太陽の季節 (新潮文庫) [文庫]
今回ご紹介するのは、石原慎太郎氏の『太陽の季節』です。
石原慎太郎といえば、言わずもがな現職の東京都知事ですね。すこし右よりの……。そしてあの石原裕次郎の兄貴でもあります。
もしかしたら、若い読者の方の中には石原裕次郎を知らない方もいるかもしれませんねぇ。さすがにもう2010年ですからね。キューブリックの中では、宇宙の旅ができる予定でしたから。
話が逸れましたが、この『太陽の季節』は石原慎太郎氏の1955年発表の芥川賞受賞作です。1955年といえば、今からもう50年以上も前になりますので、時代背景とか色々と現在とは違うようです。
ストーリーとしては、ある裕福な大学生がある女性と知り合ってから唐突な展開の別れにいたるまでの恋愛劇というか、当時の若者達の恋愛(もしかしたら思想)事情というものなのですが、そういったものがサクサクと、比較的あっさりと描写されていきます。

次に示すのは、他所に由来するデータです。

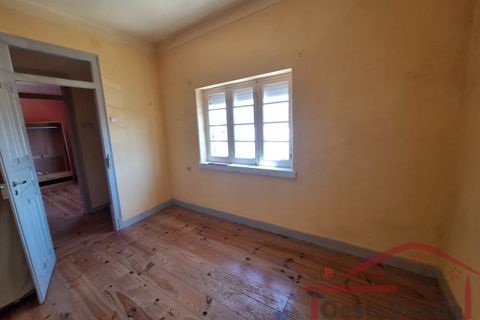 Villa i Cadaval, Lisbon, Cadaval - € 179.500 | Ref: 030-2025 - foto 18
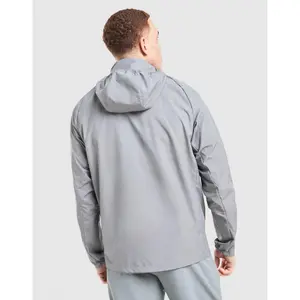 Veste de survêtement déperlante Nike image-3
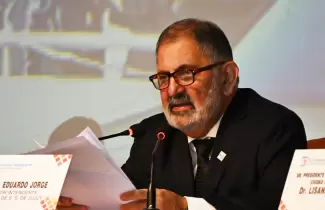 raul chuli jorge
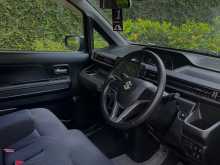 https://riyasewana.com/uploads/suzuki-wagon-r-2018-1414322912394.jpg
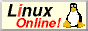 visitmini.gif (1639 bytes)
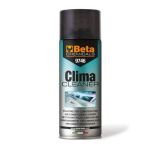 9746-climacleaner_foto_01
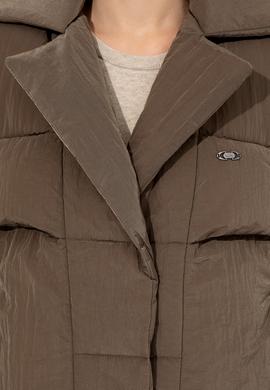 Kadın Coconut Yelek - 50252510042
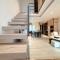 Zhongshan Perth Hotel Apartment - Shiqi Wanxianghui Branch - Zhongshan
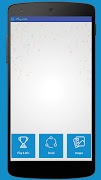 1 Schermata Play & Win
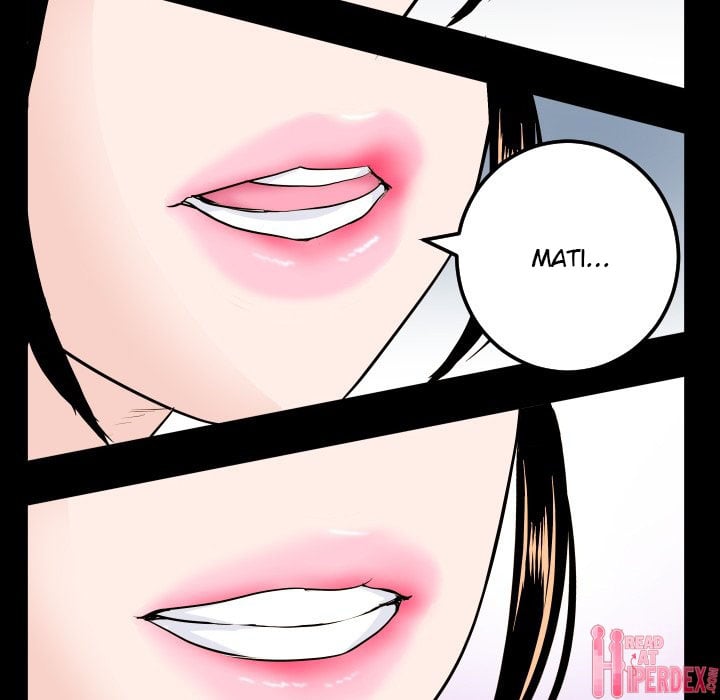 Analog - Chapter 56 8
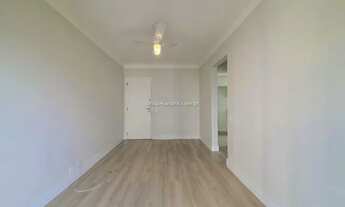 Imagem 4: Bela Vista: 1 Dorm | 1 Vaga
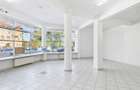 Spațiu comercial 265 mp | Ștefan cel Mare - 11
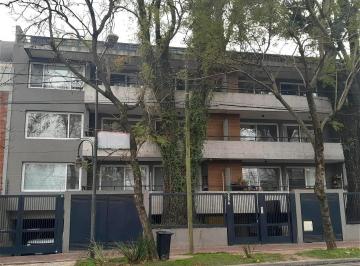 Departamento · 103m² · 3 Ambientes · 1 Cochera · Departamento en Alquiler en San Fernando, Punta Chica. 2 Dorm.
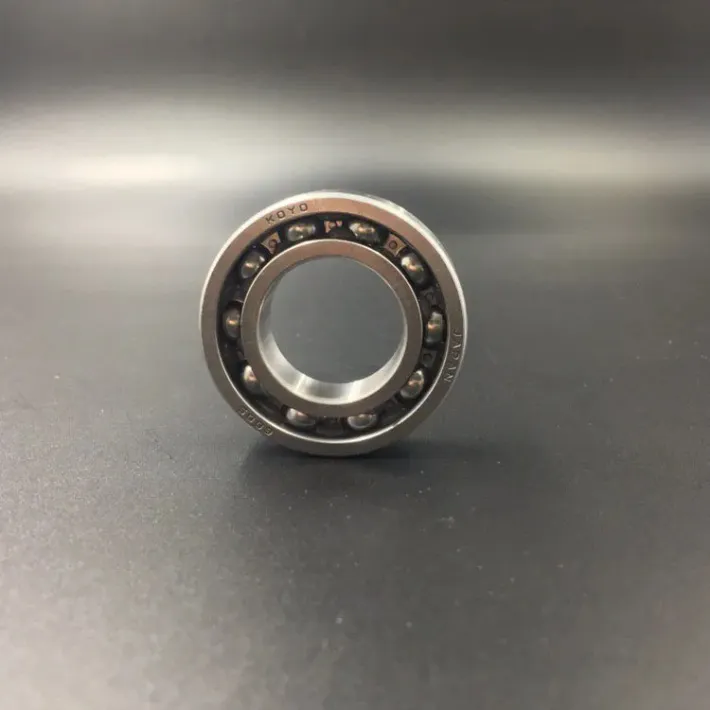93306-00519-TW — 2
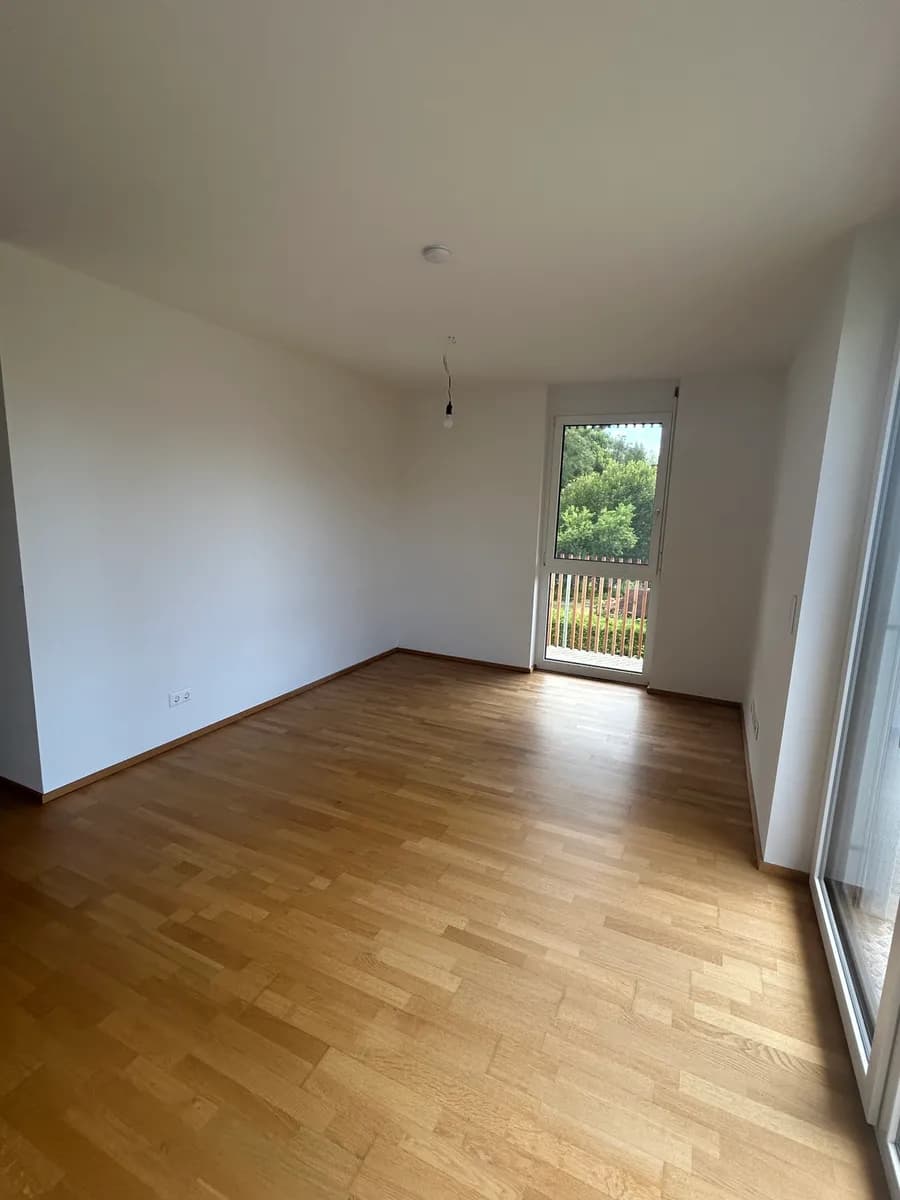 2-Zimmer-Wohnung mieten in Graz – 55,06 m², € 896 – Bild 3 von 7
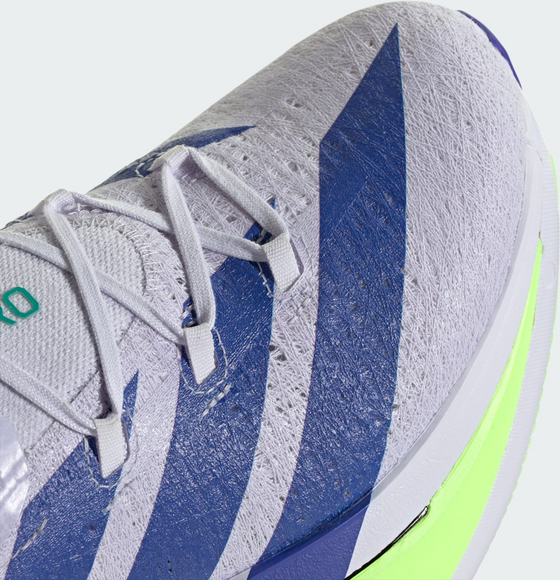 ADIDAS Adidas Adizero Prime X3 Strung Skor på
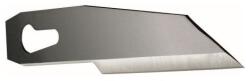 STANLEY Szike penge (50 db) 5901 1-11-221 STANLEY (624062)
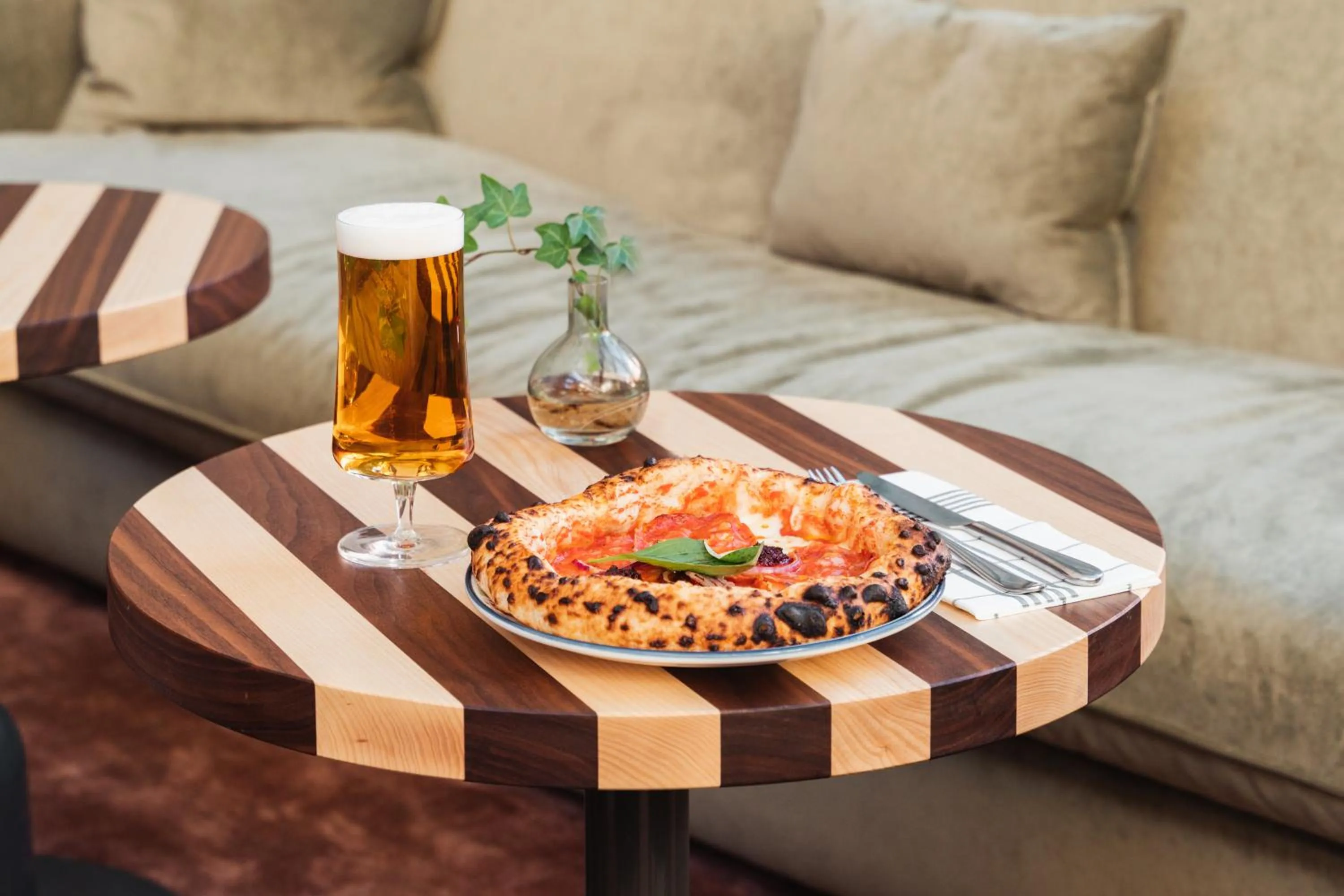 Ad Astra by Elite - Hotel, Spa & Resort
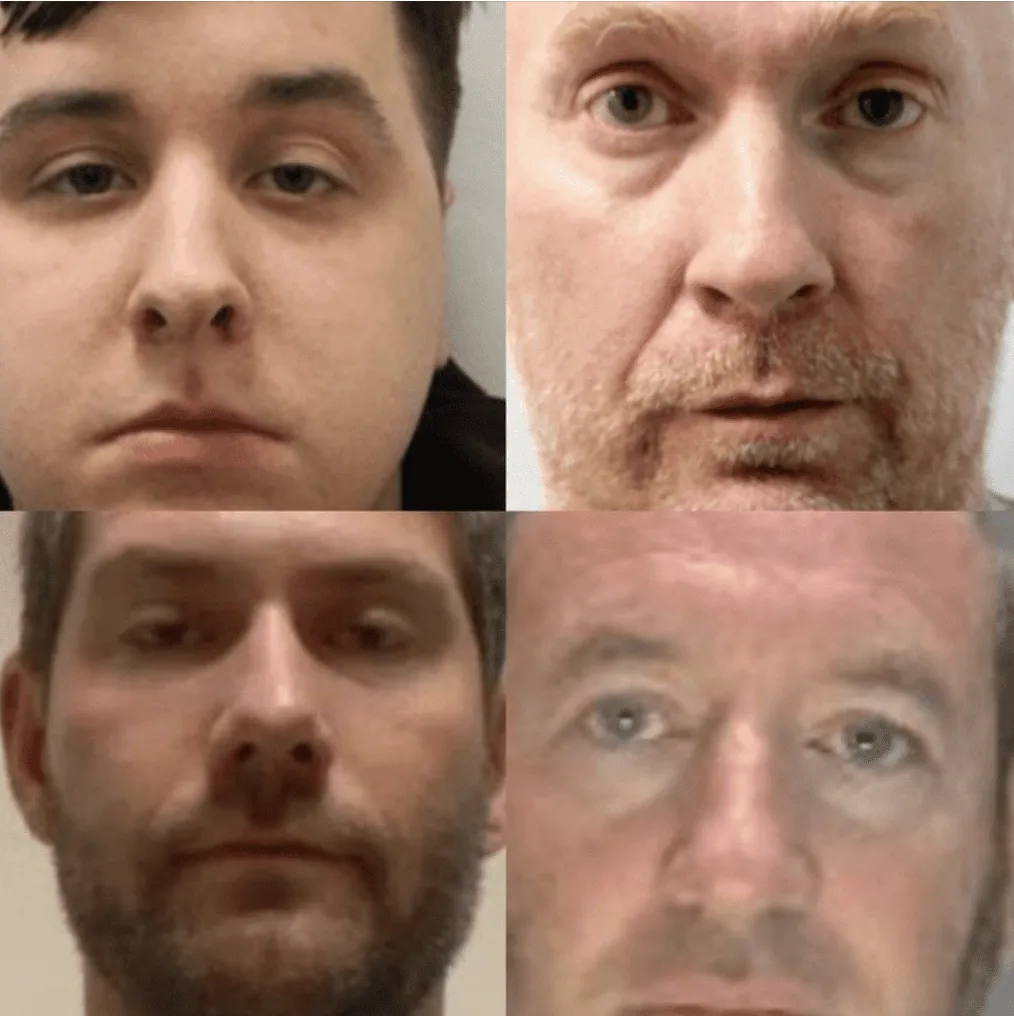 Britain’s Largest Police Force, The Metropolitan Police, Has Recently Faced A Series Of Scandals, Including The Murder Of Sarah Everard And Revelations Of Institutional Racism, Homophobia, And Misogyny In A Major Review
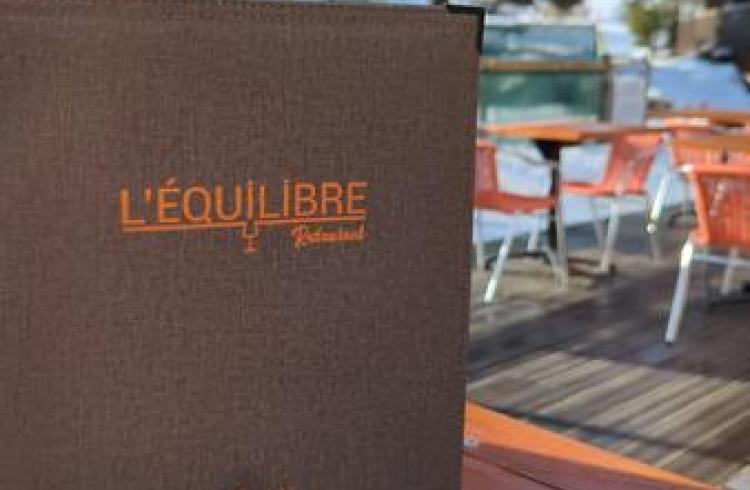 L'Equilibre_La Salle-les-Alpes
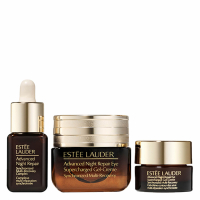 Estée Lauder 'Advanced Night Repair' Hautpflege-Set - 3 Stücke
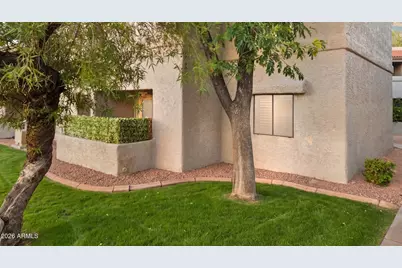 4444 E Paradise Village Parkway N #140, Phoenix, AZ 85032 - Photo 27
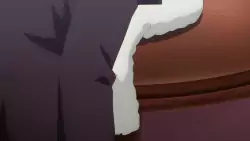 Frame #133620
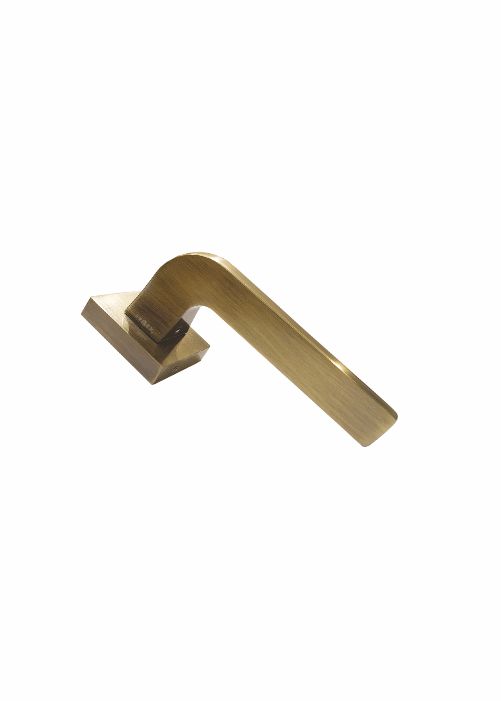 SF-MR-104 | Modern Mortise Handles | Mortise Handles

僕自身も実は最近初めて読んだのですが、かなり楽しく読むことが出来ました。全体的な雰囲気も乾いていて自分好みだったのもあるのですが、一番のお楽しみポイントとしては、何と言っても当時の台詞まわしなんかですね。
(引用開始)
「ありゃあ、お安くねぇな。誰だいあれ」
「――ヨットと較べりゃ車でひっかかるなんて程度の低い女にきまってらあ。第一海の上の方が着てるものが少ないし、裸だって良くわかるじゃねえか。お巡りだっていないや」
彼等は毎年船の名前を変えるのだ。一昨年は兄の提案でDANDY、昨年は竜哉が言い出してMOTERU(もてる)であった。カレは去年よりもくだけてONORI(お乗り)にしようとしたが、道久は、「女じゃあるまいし、意味が無い」と反対した。
(引用終了)
とちょっと拾っただけで、かなり香ばしい感じですな。ちょっと読みたくなってきたでしょ?
しかし『太陽の季節』と言えば、あれです。「障子破り」です。
未読の皆さんには全く持って分らないと思うのですが、『太陽の季節』と言えば、やっぱりこれかなと。
主人公の竜哉が、あれ(苦笑)で障子を破るシーンがあり、初めて読んだ時は、電車の中だったのですが、笑いを堪えるのに大変でした。
まあ、この描写も当時としては、かなりセンセーショナルな感じだったのだと思います。
と、滑稽気味に書評しましたが、なかなかどうして。青臭さを上手に閉じ込めた雰囲気、個人的には好きな作品です。
ではでは、また本を読んだらご紹介しますね。